Quando il vero naufragio non avviene soltanto in mare
Abbiamo già esaminato, nei precedenti articoli di “Dentro i romanzi”, alcuni momenti fondamentali della costruzione narrativa: l’incipit, il ruolo decisivo delle prime dieci pagine e la struttura in tre atti, accompagnando di volta in volta la teoria con esempi tratti da opere diverse.
Con questo articolo compiamo un passo ulteriore. Per la prima volta proveremo infatti a riunire gli strumenti fin qui acquisiti e ad applicarli all’analisi di un unico romanzo, osservando concretamente come incipit, avvio della narrazione e struttura in tre atti concorrano alla costruzione e allo sviluppo della storia.

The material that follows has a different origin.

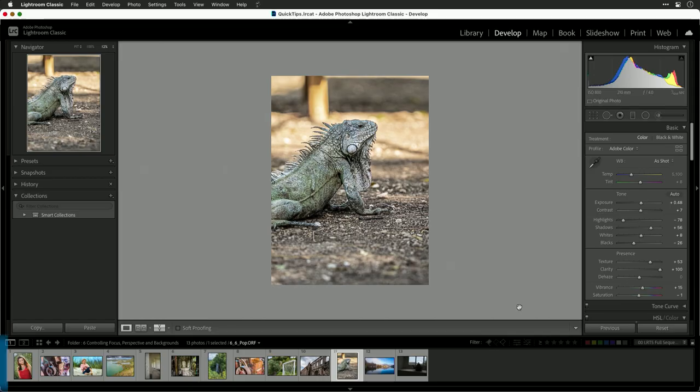Oftentimes people ask, how do I make an image pop? Well, really, this is a combination of things that add visual interest to a photo. Let me show you a quick recipe.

Si tratta di un primo esperimento che intendiamo riproporre periodicamente anche nei prossimi appuntamenti di “Dentro i romanzi”: una sorta di laboratorio di lettura attraverso il quale verificare, direttamente sulle pagine di un’opera, quanto abbiamo imparato nel corso della rubrica.
Perché conoscere i meccanismi con cui un romanzo viene costruito non significa soltanto imparare a scriverlo: significa anche imparare a leggerlo con occhi diversi.

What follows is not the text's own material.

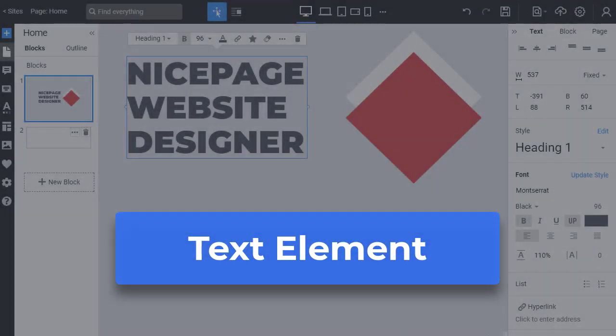Welcome back to NicePage Website Designer, the unique revolutionary tool. We continue our video lessons to help you with NicePage.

Naufragio di Vincent Delecroix si presta particolarmente bene a questo primo esperimento. È un romanzo che, attraverso il racconto di una storia, non si limita a coinvolgere il lettore, ma lo costringe progressivamente a formulare una domanda.
Pubblicato in Francia con il titolo Naufrage e arrivato in Italia per Edizioni Clichy nella traduzione di Fabrizio Di Majo, il romanzo prende spunto da un fatto realmente accaduto: il naufragio del 24 novembre 2021 nella Manica, quando ventisette migranti persero la vita tentando di raggiungere le coste britanniche.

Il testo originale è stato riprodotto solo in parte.